Stephen King has always been less about ghosts and monsters, and more about the ghosts and monsters in man. “The Shining” and “It” were so much less about the supernatural, as they were the darkness that is already there in humanity that helps breed evil and allow it to thrive. The stay at the Stanley hotel, the experience that inspired “The Shining” also helped King garner a keen insight in to the human condition. “1408” is something of an extension of “The Shining” where a man is already doing battle on the inside and comes face to face with a presence that is only a mere extension of himself. That’s scarier than anything that anyone can conjure up.
John Cusack is an unlikely actor to be cast in a role that requires our protagonist to be something of a flawed self obsessed individual, but he handles his role beautifully. His performance is so measured and subtle that he easily carries a movie that is debatably a single setting and single character horror film. Cusack plays Mike Enslin an author who has garnered worldwide acclaim for his controversial books that have spent a long time debunking a lot of famous “haunted” attractions and tourist destinations. Despite the warnings from just about everyone, Mike decides to take on the ultimate debunking challenge by staying at the Dolphin Hotel. Smack dab in the middle of the city, its room 1408 is notorious for being the center of very gruesome, violent, and unusual events.

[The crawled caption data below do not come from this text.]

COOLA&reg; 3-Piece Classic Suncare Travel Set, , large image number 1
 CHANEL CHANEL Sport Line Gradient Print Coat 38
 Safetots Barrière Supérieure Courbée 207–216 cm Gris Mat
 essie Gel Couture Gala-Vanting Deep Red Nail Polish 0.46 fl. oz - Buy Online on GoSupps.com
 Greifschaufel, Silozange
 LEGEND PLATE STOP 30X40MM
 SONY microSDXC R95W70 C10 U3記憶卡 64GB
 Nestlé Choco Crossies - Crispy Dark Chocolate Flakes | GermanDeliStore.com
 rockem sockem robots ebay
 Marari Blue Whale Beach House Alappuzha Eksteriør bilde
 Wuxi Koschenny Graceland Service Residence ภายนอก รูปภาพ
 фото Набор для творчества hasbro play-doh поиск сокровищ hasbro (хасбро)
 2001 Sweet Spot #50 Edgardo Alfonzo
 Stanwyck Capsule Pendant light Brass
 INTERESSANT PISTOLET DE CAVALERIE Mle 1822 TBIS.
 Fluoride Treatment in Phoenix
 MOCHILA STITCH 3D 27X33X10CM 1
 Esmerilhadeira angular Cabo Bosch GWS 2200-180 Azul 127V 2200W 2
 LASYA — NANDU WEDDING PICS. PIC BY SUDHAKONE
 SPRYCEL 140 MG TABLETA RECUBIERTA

Despite the hotel manager urging him to simply walk away and go elsewhere, Mike insists on taking on the room and experiencing it. Director Mikael Håfström isn’t devoted to throwing jump scares and shocks at the audience so much as he builds on the experience. Much of what occurs in room 1408 is restrained for moments on end, and before long Mike’s experience goes from mundane to absolutely horrifying. What’s more is that the room is successfully a character and villain all on its own. First it derives pleasure in making Mike conjure up questions of his own sanity, and then strengthens his resolve by putting him through a rather turbulent trip that allows the room to become its own world, and even its own plain of reality.
Director Håfström has a good time frightening the audience, but also is never hesitant to inject a strong sense of strange and surrealism. The latter injects some memorable moments in the unfolding of events, including a walk on a ledge, and a moment with a painting of a boat. “1408” is not just creepy and unnerving, but it’s complex and entertains as a sharp and well paced horror film with heavy overtones of grief, anguish, and horrors of the real world that we sometimes unfortunately can never conquer.